Different languages handle pluralization differently. English has two forms (one item / many items), but Russian has four, Arabic has six, and Chinese has none. Entri uses ICU Message Format to express these rules in a single string that works across all languages.
ICU (International Components for Unicode) is the industry standard for complex message formatting. It uses a {variable, type, ...options} syntax embedded in your strings.
Plurals
{count, plural, one {# item} other {# items}}
The # symbol is replaced with the value of count. The categories (one, other) follow CLDR plural rules for each language.
Select
Use select to branch on a non-numeric variable, such as grammatical gender:
{gender, select, male {He liked this} female {She liked this} other {They liked this}}
Ordinals
Use selectordinal for rank-style numbers:
{rank, selectordinal, one {#st place} two {#nd place} few {#rd place} other {#th place}}
CLDR plural categories
The Unicode CLDR defines up to six plural categories per language:
| Category | Meaning |
|---|
zero | Exactly zero (or rule-based zero) |
one | Singular form |
two | Dual form (some languages only) |
few | Small numbers (language-specific) |
many | Large numbers (language-specific) |
other | Default / catch-all (required) |
Not all languages use all categories.
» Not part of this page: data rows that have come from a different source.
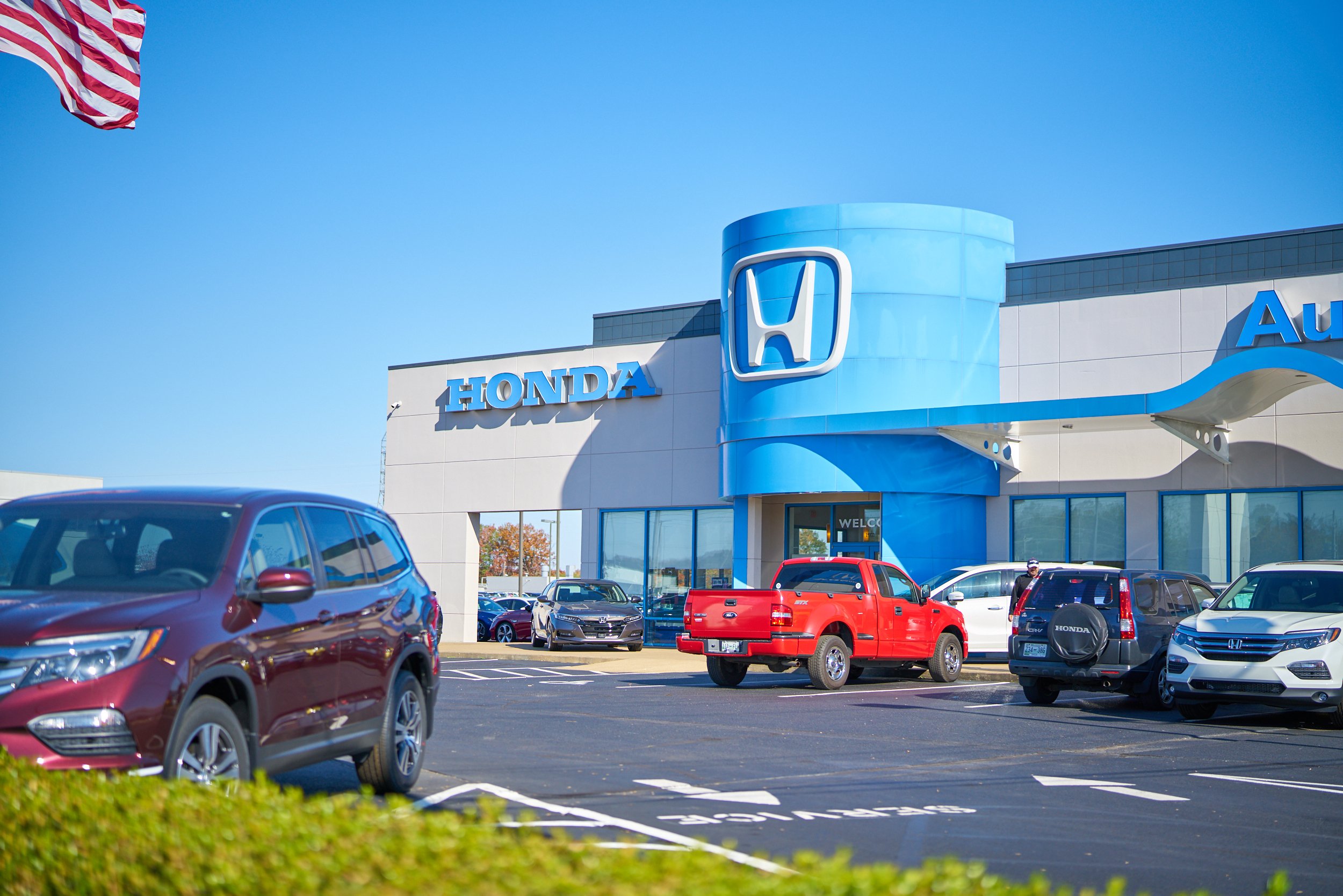 AutoNation Honda 385 in Memphis, TN 38125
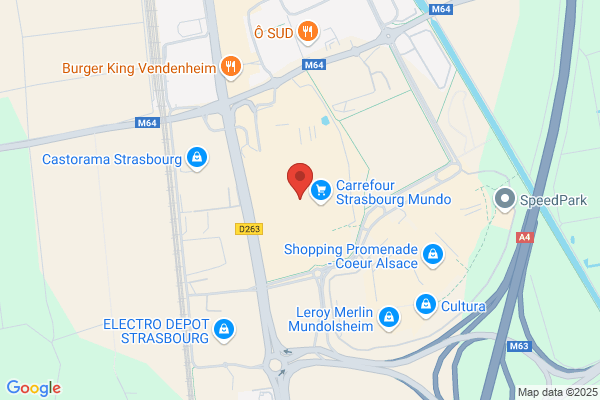 SFR Mundolsheim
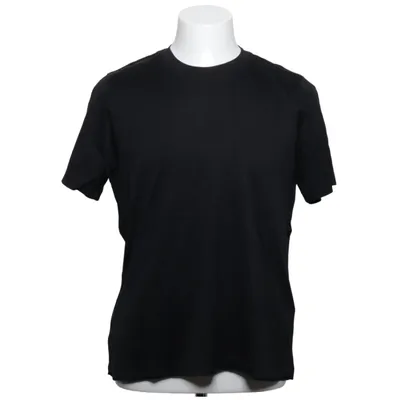 T-shirt (Black) from Eton Cotton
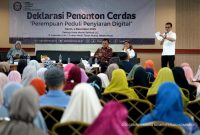 Wakil Menteri Komunikasi dan Informatika Nezar Patria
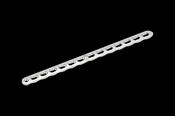 3.5MM DYNAMIC LOCKING PLATE 185MM 14 HOLE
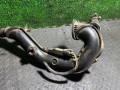 патрубок интеркулера Renault Clio 3 поколение 2006, 10972130D - фото №2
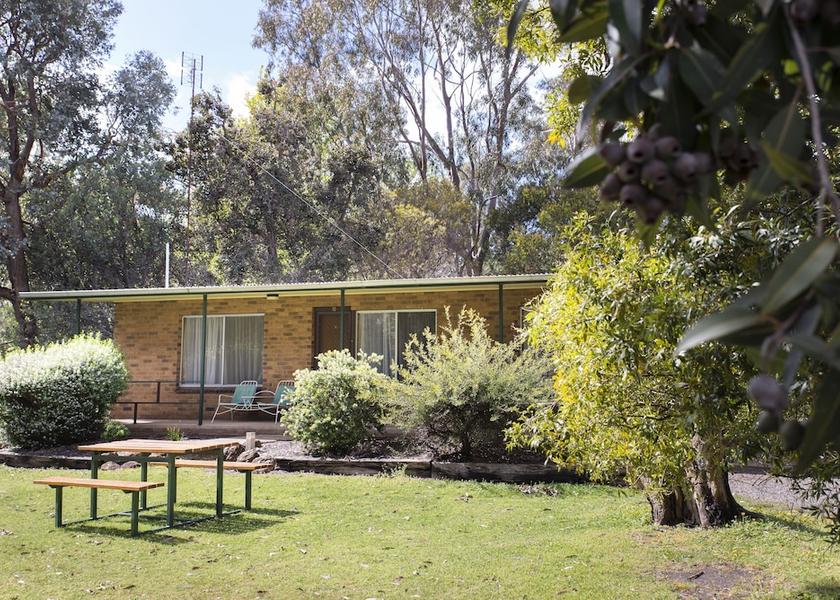 Victoria Halls Gap View from room
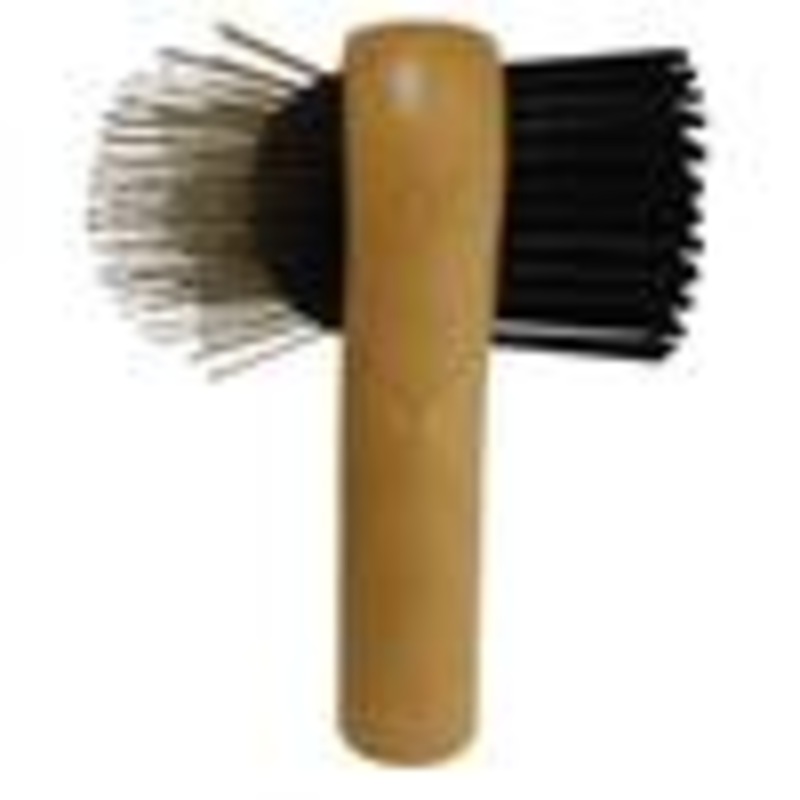 PRO PLUS - Bamboo Combo Brush/Brosse combine Bambou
The other category is always required as the fallback.
Language examples
English
French
Russian
Arabic
Japanese / Chinese
English uses only one and other.{count, plural,
one {# item found}
other {# items found}
}
| count | Output |
|---|
| 0 | 0 items found |
| 1 | 1 item found |
| 2 | 2 items found |
| 100 | 100 items found |
French treats 0 and 1 as singular (one). Numbers 2 and above use other.{count, plural,
one {# élément trouvé}
other {# éléments trouvés}
}
| count | Output |
|---|
| 0 | 0 élément trouvé |
| 1 | 1 élément trouvé |
| 2 | 2 éléments trouvés |
Russian uses one, few, and other, with complex modulo rules.{count, plural,
one {# товар}
few {# товара}
many {# товаров}
other {# товара}
}
| count | Rule | Output |
|---|
| 1, 21, 31 | one | 1 товар |
| 2–4, 22–24 | few | 2 товара |
| 5–20, 25–30 | many | 5 товаров |
Arabic has the most plural forms: zero, one, two, few, many, and other.{count, plural,
zero {لا عناصر}
one {عنصر واحد}
two {عنصران}
few {# عناصر}
many {# عنصرًا}
other {# عنصر}
}
East Asian languages have no plural distinction — all numbers use other.{count, plural,
other {# 件のアイテム}
}
In Japanese, Chinese, Korean, and similar languages, only the other category is needed.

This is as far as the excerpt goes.